3.1 Fixed-Order Tests ($\mathcal{O}(\alpha_s^2)$)

• Phase-Space Contours: The authors verify that a second emission does not alter the kinematics of a prior emission in a way that breaks NLL accuracy. They demonstrate that while the Dire-v1 shower fails this test in the dead-cone region, PanScales showers (both PanLocal and PanGlobal) satisfy the requirement, with deviations in the deep collinear region being power-suppressed ($1/k_t^4$).
• Matrix Element Comparison: Differential comparisons between the shower weights and exact QCD matrix elements (generated via MadGraph) for processes like $e^+e^- \to Q\bar{Q}g$ and $e^+e^- \to Q\bar{Q}g_1g_2$ show excellent agreement in the bulk of phase space and near the dead-cone boundary. Deviations are observed only in regions dominated by power corrections ($k_t^2/Q^2$) or where double-soft corrections are missing (which are $\mathcal{O}(N_c^{-1})$).
• Spin Correlations: Tests of the $a_2/a_0$ spin correlation ratios for sequential splittings confirm perfect agreement with analytic predictions for both massless and massive cases.

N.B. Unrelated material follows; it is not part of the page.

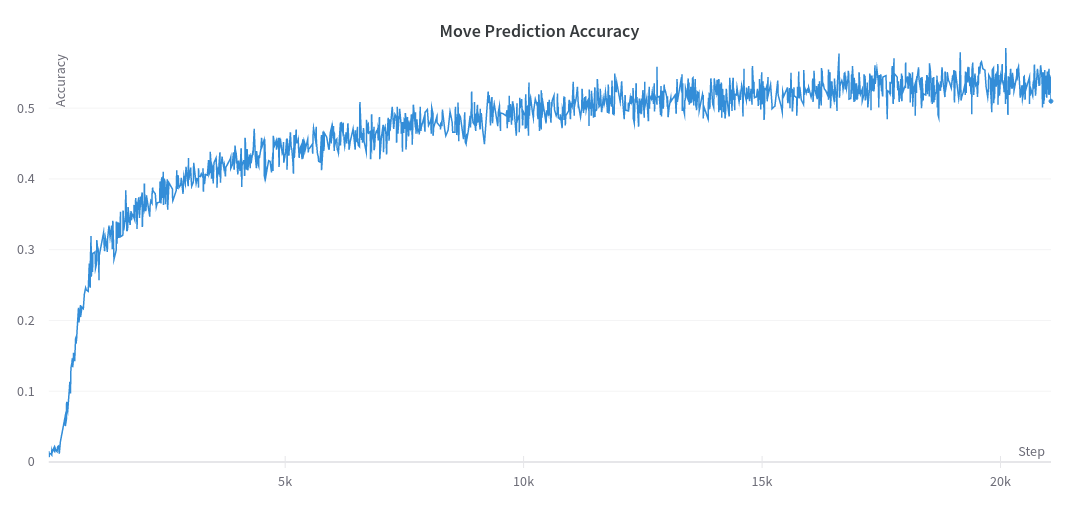 Performance of the Model at Move Prediction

3.2 All-Order Logarithmic Tests

• Lund-Tree Shapes (Global Observables): The showers are tested against NLL resummation results for observables like the sum and maximum of transverse momenta in the Lund plane. The results confirm that PanScales showers correctly predict the dead-cone suppression and the running coupling thresholds, achieving NLL accuracy for $\beta_{ps} = 0.5$ (PanLocal) and $\beta_{ps} < 1$ (PanGlobal).
• Non-Global Energy Flow: The accuracy is tested for energy flow into a rapidity slice, an observable sensitive to non-global logarithms (NGLs). The showers reproduce the analytic resummation results (including mass thresholds in the coupling) perfectly, demonstrating that the full structure of the massive eikonal factor is correctly captured.
• Lund Subjet Multiplicity: Tests for the number of subjets above a $k_t$ cutoff show agreement with Next-to-Double Logarithmic (NDL) analytic calculations for both light- and heavy-quark initiated jets.

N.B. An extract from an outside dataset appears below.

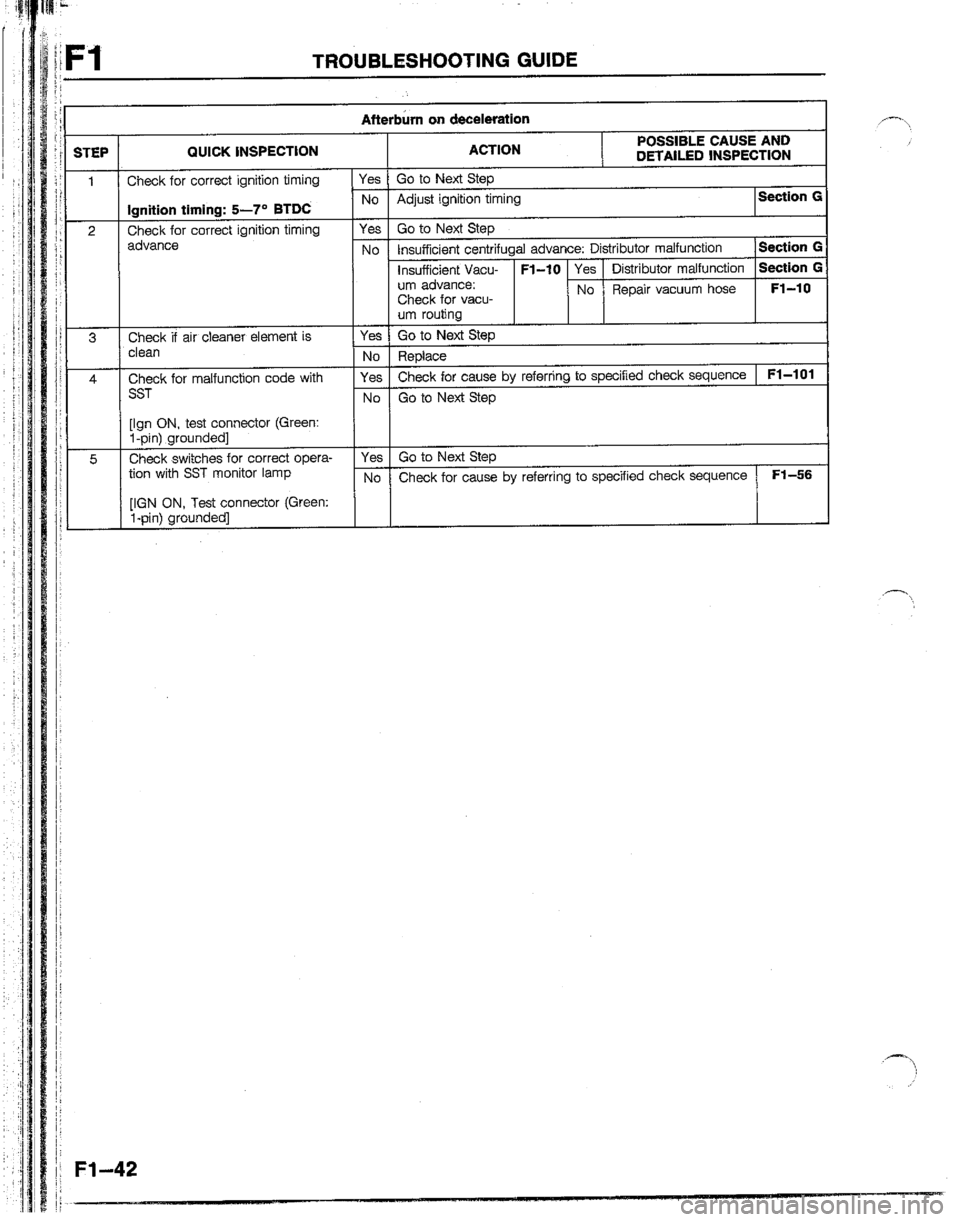 MAZDA B2600I 1992  Workshop Manual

3.3 Phenomenological Studies

Using LEP data ($Z$-peak events), the authors compare the showers to experimental measurements:

• $b$-quark Fragmentation Function: The massive showers correctly predict the harder fragmentation pattern (higher average $x_B$) observed in data, whereas massless showers fail to reproduce the shape, pushing the average to lower values.
• Total Jet Broadening: The massive showers show improved agreement with data around the scale $B_T \approx m_b/Q$, where mass effects suppress radiation, compared to massless variants.

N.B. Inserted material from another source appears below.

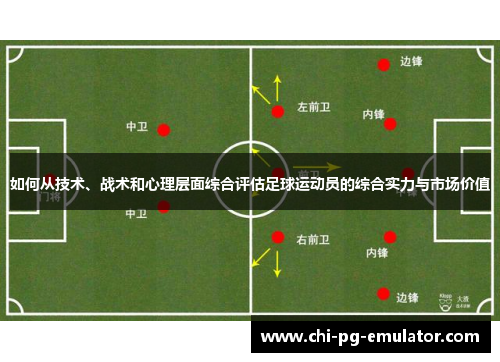 如何从技术、战术和心理层面综合评估足球运动员的综合实力与市场价值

4. Significance and Claims

The paper claims to present the first final-state parton showers that demonstrably account for NLL logarithmic terms associated with non-zero quark masses.

Key contributions include:

1. Systematic Framework: A unified approach to capture mass effects across different observable classes (global, non-global, and multiplicity) while preserving the high logarithmic accuracy (NNLL/NNDL) of the underlying massless showers.
2. Validation: Rigorous validation through fixed-order tests up to $\mathcal{O}(\alpha_s^2)$ and all-order comparisons to analytic resummations, confirming the correct treatment of dead-cone suppression, flavor thresholds, and spin correlations.
3. Phenomenological Impact: Demonstration that mass corrections are crucial for describing $b$-quark fragmentation functions and that the new showers provide a better description of LEP data than massless alternatives.
4. Public Availability: The showers are implemented in the PanScales code (v0.4.0) and interfaced with Pythia 8 for hadronization.

The authors note that while the current implementation achieves NLL accuracy, it does not capture non-global logarithms in a simplified "dead-cone veto" model (discussed in Appendix C), highlighting the necessity of their full kinematic and probabilistic formulation. Future work is identified as extending these algorithms to initial-state radiation and implementing higher-order ingredients with full mass effects.